Dans son roman "Cora dans la spirale", il dresse avec finesse le portrait du quotidien, de la norme qu'on câline, de la plainte ordinaire. Il raconte une femme victime de la société, d'un "hédonisme empêché", victime d'elle-même, victime des attentes qui pèsent sur ses épaules, d'une spirale infernale, du vertige banal qui prend les gens sages. Il écrit, non pas avec le "je" grossier et égocentré qui inonde les réseaux, mais avec le recul pourtant intime d'un narrateur bienveillant. Il nous plonge dans Cora, nous l'enfile délicatement, avec patience et sans force, comme on habillerait un enfant.

Borrelia, cette "bactérie spiralée" ; Borélia, cette maladie qui tue à petit feu et qu'on appelle aussi travail, boulot, taf, job, emploi, enfer. Et Cora, dans la spirale...

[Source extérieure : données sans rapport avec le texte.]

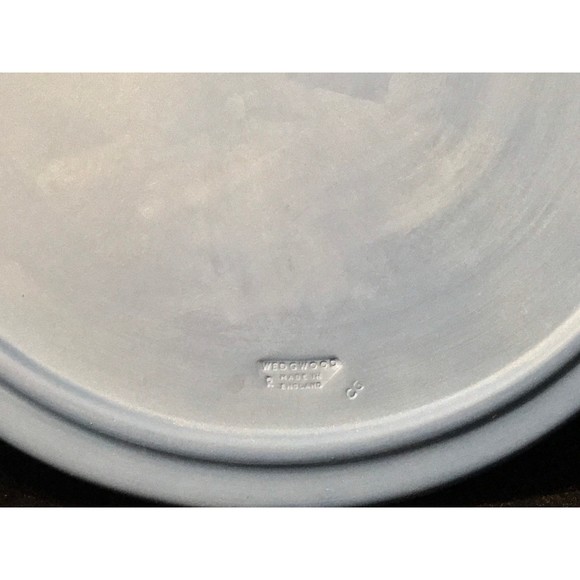 Iconic Wedgwood Portland Blue Jasperware 2010 Year Plaque Made in England - Picture 6 of 6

Rien n'est noir de Claire Berest

"Frida peint le détail sur des toiles minuscules et ne cherche rien. Pourtant elle capture le monde entier. Ils ne s'aiment pas parce qu'ils sont peintres. Diego a été séduit par une poupée avec des couilles de caballero, qui peignait sans le savoir une mexicanidad vernaculaire augmentée par son regard unique. Une liberté violente aux couleurs nouvelles. Frida a choisi d'être choisie par l'Ogre. Elle voulait le plus grand, le plus gros, le plus drôle. Toute la montagne. Et maintenant ? Comment s'aime-t-on quand l'autre a cessé d'être impénétrable ?"


Des Astres de Séverine Vidal
Moon Brothers de Sarah Crossan

Deux romans poignants pour les grands ados (et plus), pour ceux qui ont un cœur qui bat très fort au rythme de leurs amours. 

"Hier, je t'ai vue faire des bisous dans la bouche d'un monsieur."